One has long hair and one keeps it short, but alumni Bill and Turner Ross are still growing together. From their museum-going childhood in a small town in Ohio through their crucial skill-building years at SCAD, Bill (B.F.A. video/film) and Turner (B.F.A. painting) have developed a joint sensibility borne as much from encouragement as competition. In recent years the brothers have created a series of exquisitely personal, universally resonant documentary films including 45365, Tchoupitoulas and Western. We caught up them to discuss how their SCAD experience continues to inform their award-winning work.
SCAD: It’s been over a decade since you graduated. Do you still work with friends you made at SCAD?
Turner: A lot of our crew now are our friends from SCAD. We were a whole bunch of misfits who ended up together. Everybody had something that they wanted to do or somebody that they wanted to become. The people that we came through with are out there in the world, doing it in really exceptional ways. We still find a connection and are available to each other. It’s very much like family.
SCAD: What were the keys to your university experience?
Turner: For us, SCAD meant access to resources. Being there together, no matter what it was we were doing, we were able to bounce off of each other. We lived in a house on Anderson Street and we made all of our projects in our house with our friends. We went to class to learn from people, to get critiqued, but most of all, to have access to the resources that we needed to explore and the freedom within that SCAD environment to try things. We made a lot of really bad stuff and we learned a lot. In the end, we developed relationships that we took beyond the confines of the scholastic world.
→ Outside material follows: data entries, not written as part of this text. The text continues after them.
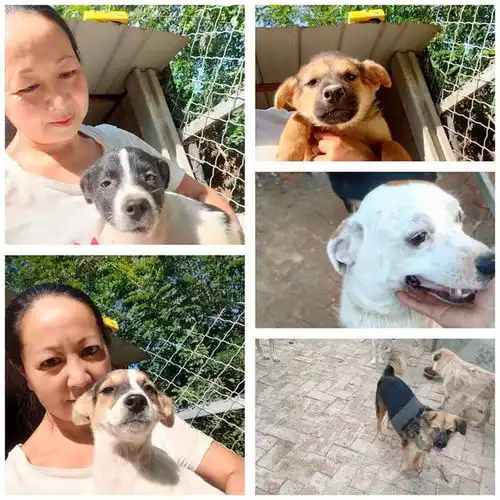 拆迁被弃养的狗狗,废墟中固执等待主人,瘦成一具干尸

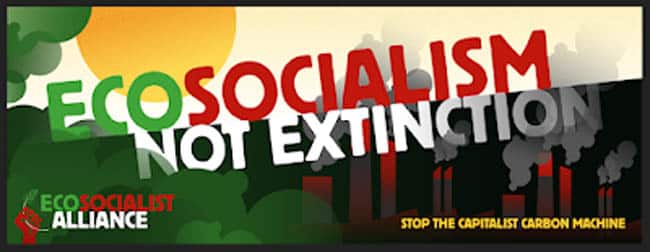 Ecosocialism not extinction banner image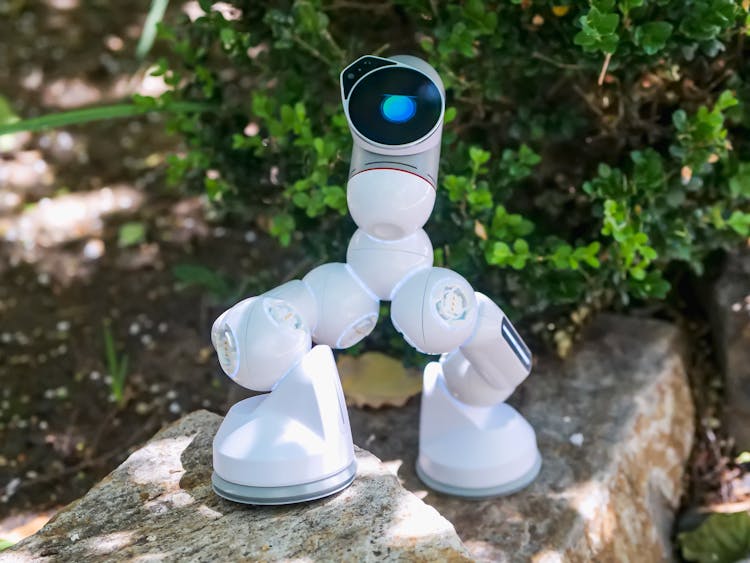 White Robot Toy On Brown Rock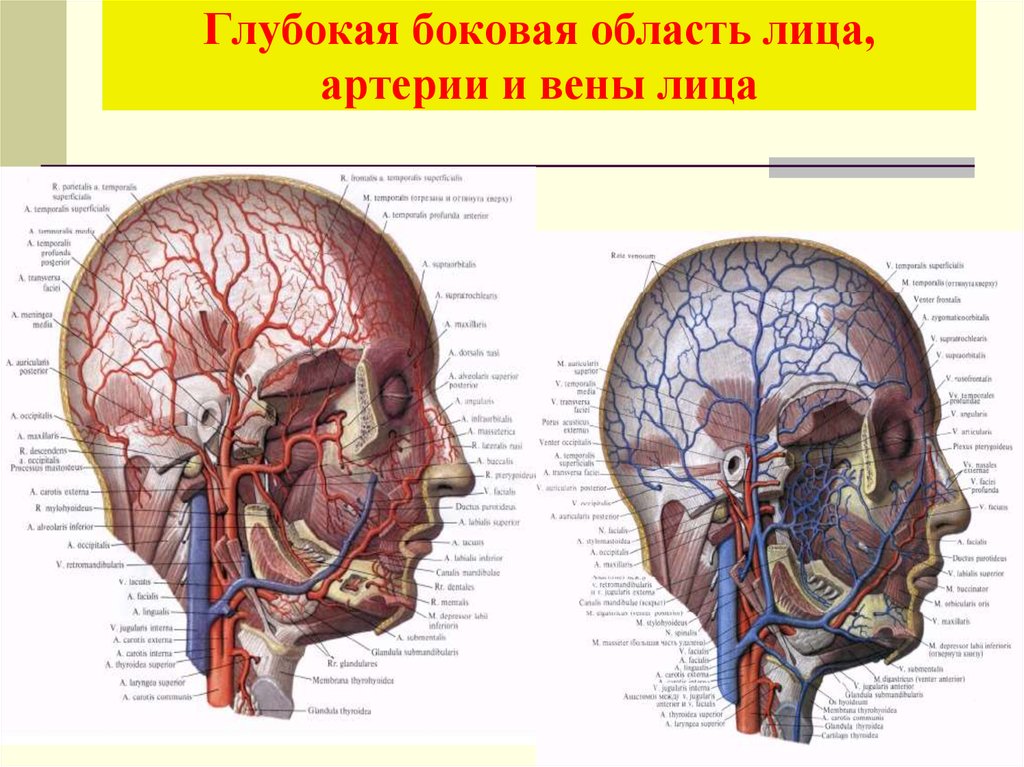 Артерии и вены на лице фото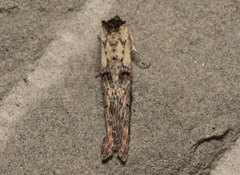 Lophoptera longipennis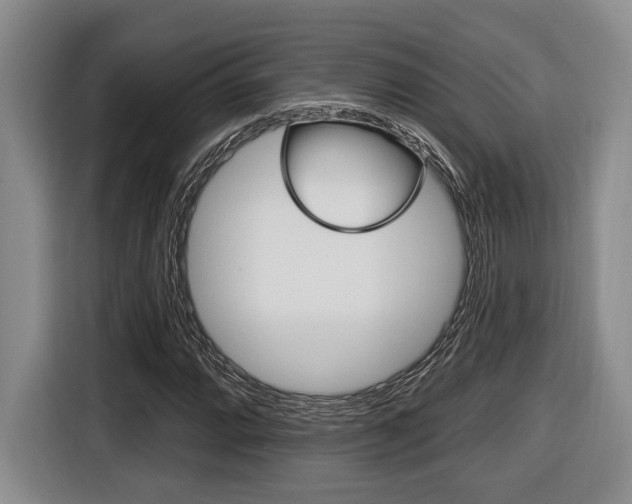 X0000116431064200912081216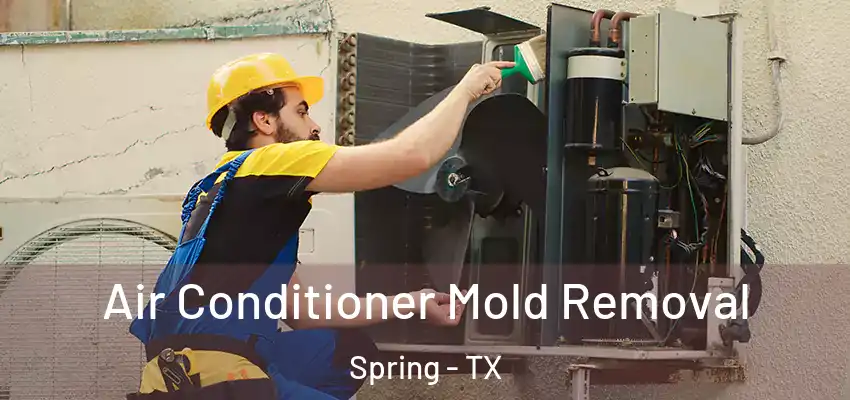  Air Conditioner Mold Removal Spring - TX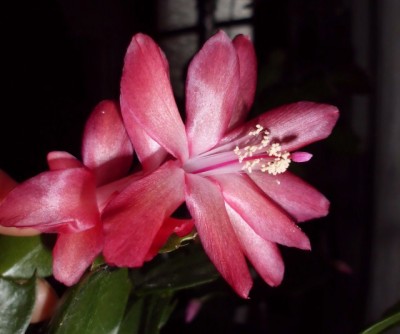 DSCI0022 (640x534).jpg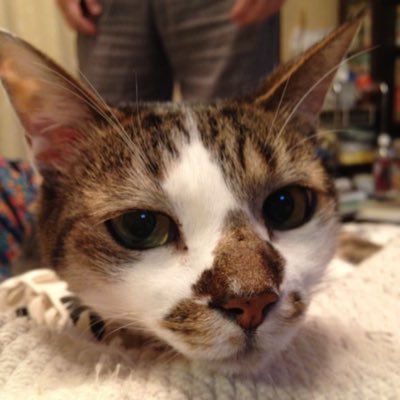 れーるにゃんさんのプロフィール画像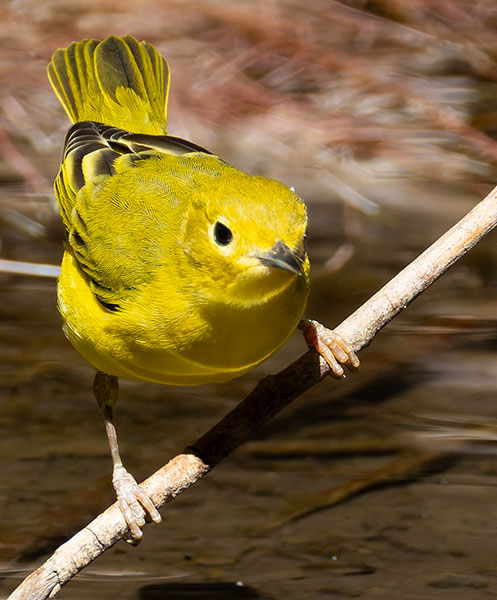 Yellow Warbler Dendroica petechia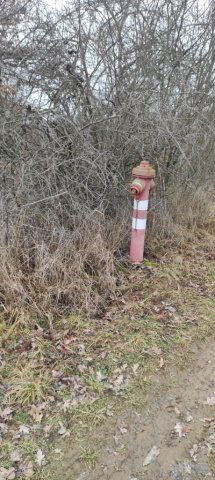 Eladó telek, Karancsalján 5 M Ft / költözzbe.hu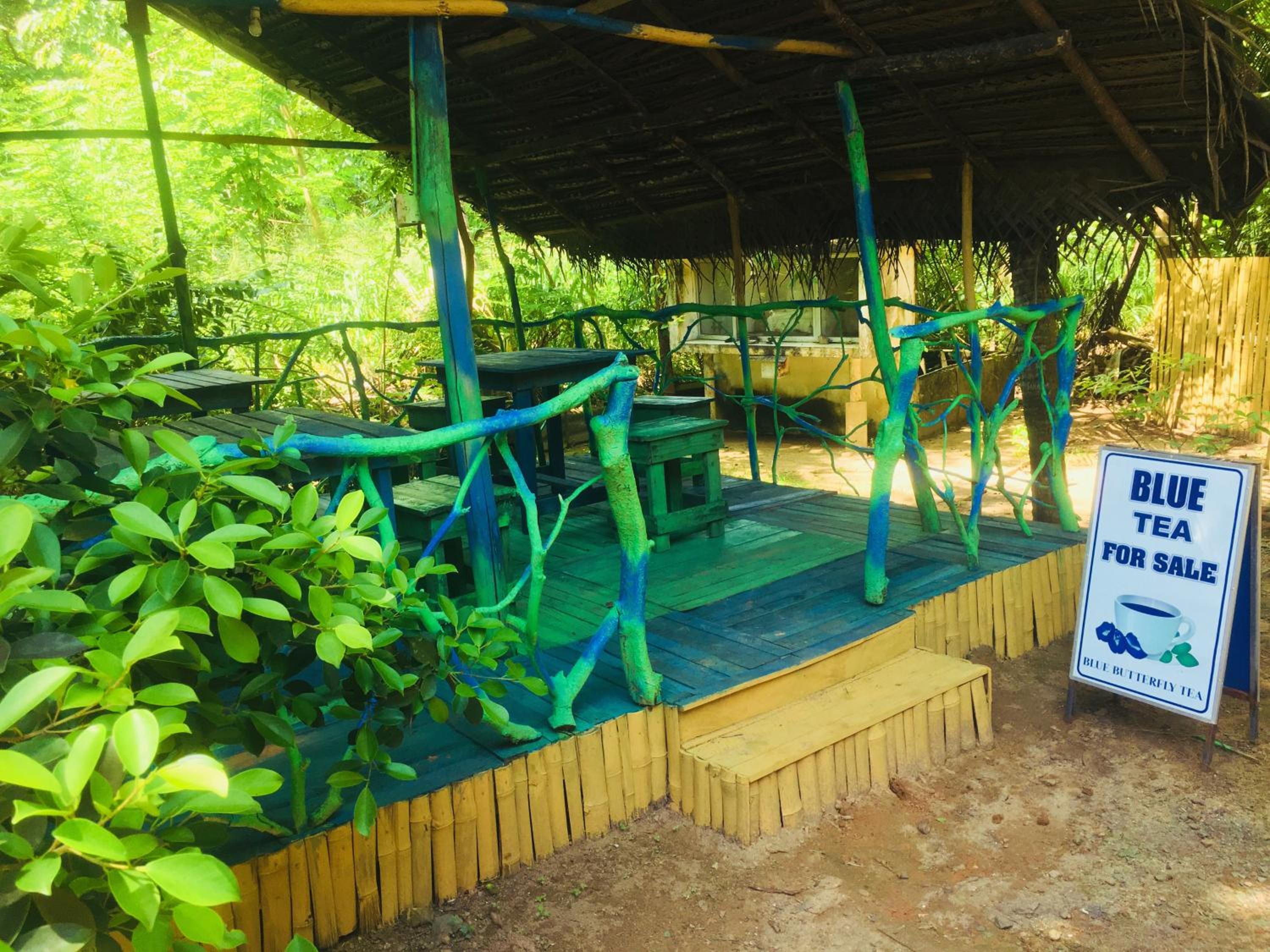Seasons Four Eco Friendly Treehouse view 2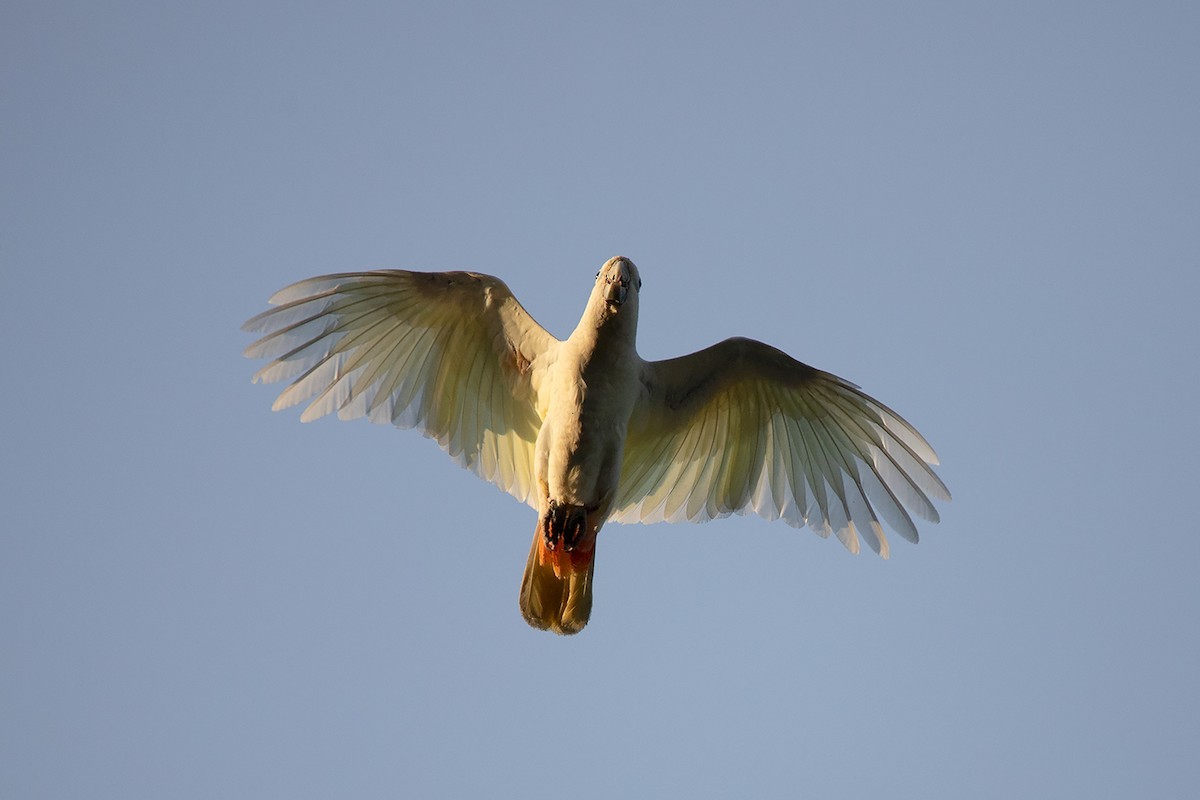 Cacatoès des Philippines (Cacatua haematuropygia)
Bill: We’d started out very young, running around with cameras and painting, and SCAD was a continuation of that in a more serious way. I worked at The Cage [the checkout locker at the film department], so we had access to equipment 24 hours a day. We were always taking it out whether we had a project to work on or not, just for the fun of it. It’s a little surprising to look back on some of those early things and see how similar they are to what do now. We’d like to think that our art has gotten better.
SCAD: So you were developing your passions from early childhood, before you got to SCAD?
Turner: We’re from a small town, Sidney, Ohio. Our dad was a historian and our mom was in education. As kids, we went to a lot of museums and they really fostered an interest in where people come from and who people are, which fed into what we do now, which is tell the stories of people and how they get to be who they are.
Bill: Growing up, I sort of hid part of myself because if the guys that I hung out with knew I was in the basement watching Fellini movies, they’d probably have been like, “What’s wrong with you?” Once I was at SCAD, I met so many people and we were just always making stuff together. Our work continues to be fun but there was something about that initial moment where the world just became a lot bigger and brighter because I had found a home and felt normal.
SCAD: Turner, you got to SCAD first, is that correct?
Turner: I got a scholarship through the SCAD Rising Star Program, which allowed me to graduate from high school early and go down and really pursue painting in a meaningful way. I still use skills as a filmmaker that I learned doing painting at SCAD: process, theory, color, light, knowing your subject matter, framing. Right out of college, I started working in art departments in film, which was an actual meeting of those two worlds.
Bill: I’ve always been proud of T. He is probably the most ambitious, driven person I’ve ever been around. He never had the fear of putting himself out there, which I think a lot of people can be hung up on. So he pushed me to do that as well, from a very early age.
Turner: It’s something more positive than a rivalry, you know.
Bill: Well, there is a little bit of that, too. We’ve very different individuals. If we weren’t brothers, I don’t know that we would actually hang out. But when we come together, our personalities mesh in a very good way.